KB-141 was also examined in cynomolgus monkeys that have a lipoprotein profile resembling humans (primarily LDL cholesterol) more closely than rodents. Plasma cholesterol was reduced in a dose-dependent manner by KB-141 with a reduction of ≈35% at the highest dose. No tachycardia was observed, showing selectivity for cholesterol lowering for KB-141, unlike T₃. In the monkeys, KB-141 also lowered Lp(a) levels by 50%. Lp(a) has been suggested previously as a target for nonselective thyroid agonists (6). Thus these atherogenic particles may be regulated by TRβ, and this class of thyromimetics may deserve further exploration as a regulator of Lp(a), for which current therapies have limited efficacy.

Monkeys are also a better model than rodents for examining effects on weight loss, because the animals are not growing. Body weight was significantly reduced by KB-141 by 5% at the 462 nmol/kg per day dose and 7% at the 924 nmol/kg per day dose compared with paired predrug weights, most likely due to increased MV_O2. Muscle loss and frank myopathy can be observed in hyperthyroidism (4), but the KB-141-treated animals appeared healthy and maintained their pretreatment level of food consumption, and body chemistries (electrolytes, renal function indices, blood urea nitrogen, and liver functions) remained normal. Thus, it is unlikely that the weight loss was due to a toxic effect of KB-141. Interestingly, little TRβ mRNA is reported in skeletal muscle in humans (4).
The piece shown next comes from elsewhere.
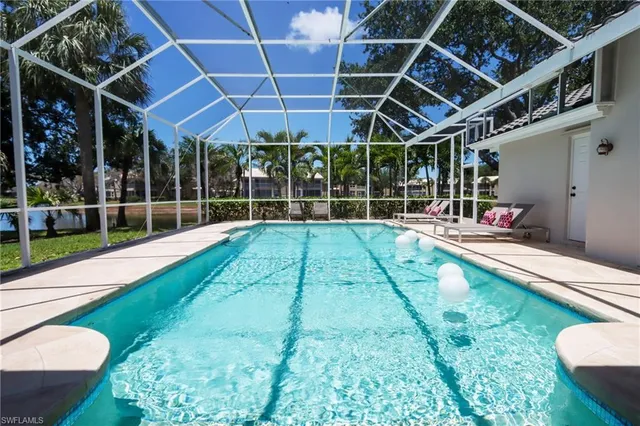 a view of swimming pool with a patio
In summary, our results in three species show that a separation between potential beneficial vs. deleterious effects of TR stimulation is possible. These effects include reductions of plasma cholesterol and Lp(a) and weight. It is likely in all three cases that the separation is due to the ability of KB-141 to selectively activate TRβ vs. -α. Thus, selective thyromimetics may offer several types of therapeutic potential and are candidates for further exploration.